Records for this exercise
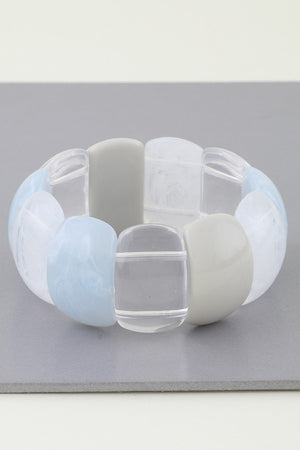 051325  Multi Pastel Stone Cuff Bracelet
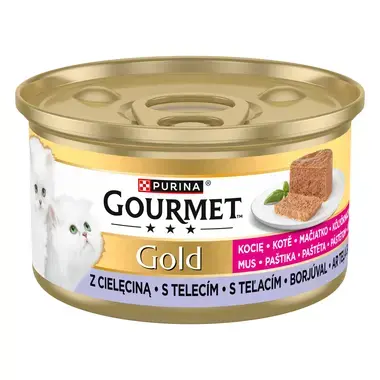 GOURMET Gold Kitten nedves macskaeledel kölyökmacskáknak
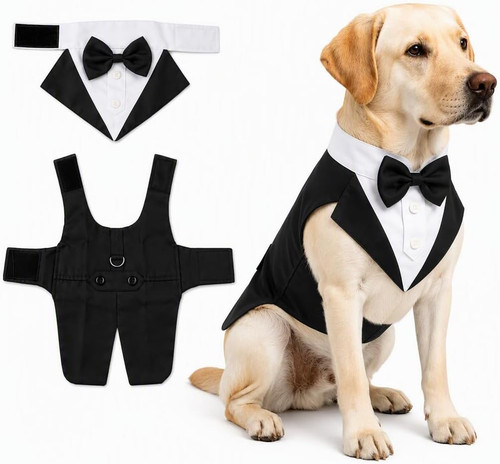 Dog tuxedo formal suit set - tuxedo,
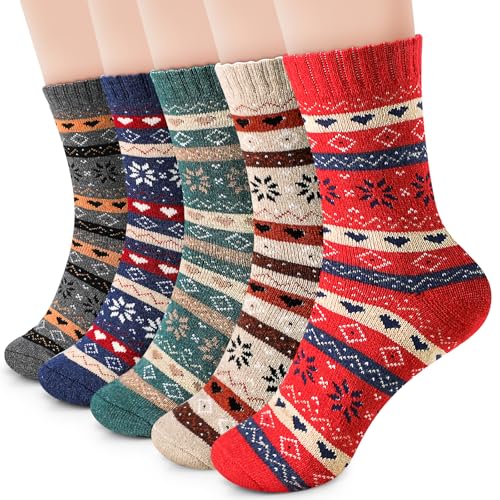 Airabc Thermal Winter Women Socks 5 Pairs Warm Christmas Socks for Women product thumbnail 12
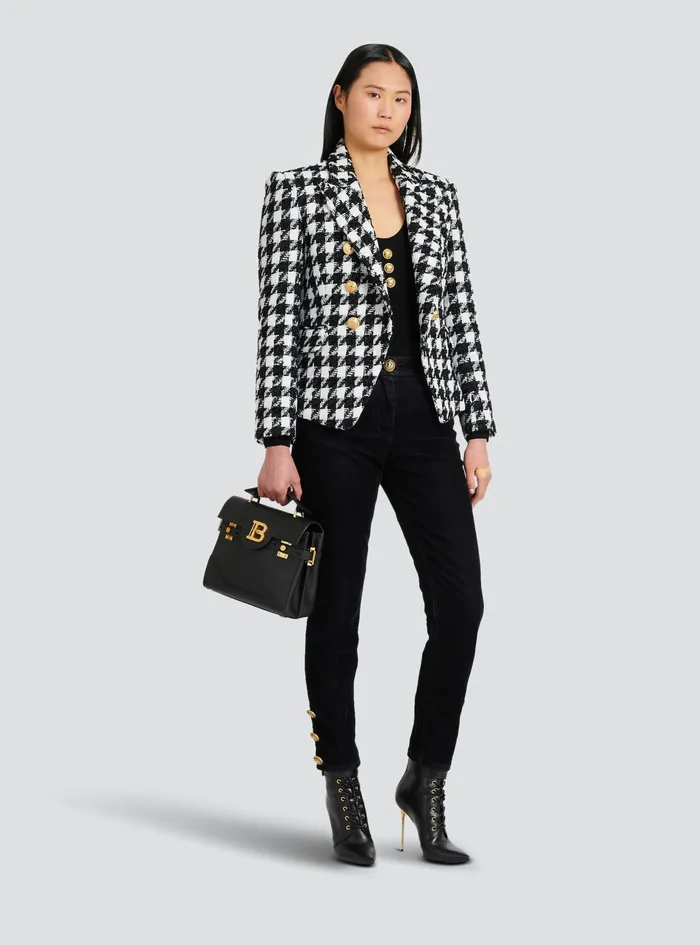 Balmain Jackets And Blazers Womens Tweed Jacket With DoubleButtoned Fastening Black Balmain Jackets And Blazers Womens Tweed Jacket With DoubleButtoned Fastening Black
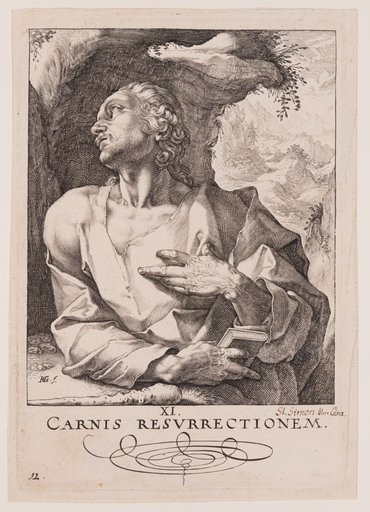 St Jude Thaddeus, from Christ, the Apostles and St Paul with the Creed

Task description
Output all of the data exactly as it stands, minus any images.

Output
 051325  Multi Pastel Stone Cuff Bracelet
 GOURMET Gold Kitten nedves macskaeledel kölyökmacskáknak
 Dog tuxedo formal suit set - tuxedo,
 Airabc Thermal Winter Women Socks 5 Pairs Warm Christmas Socks for Women product thumbnail 12
 Balmain Jackets And Blazers Womens Tweed Jacket With DoubleButtoned Fastening Black Balmain Jackets And Blazers Womens Tweed Jacket With DoubleButtoned Fastening Black
 St Jude Thaddeus, from Christ, the Apostles and St Paul with the Creed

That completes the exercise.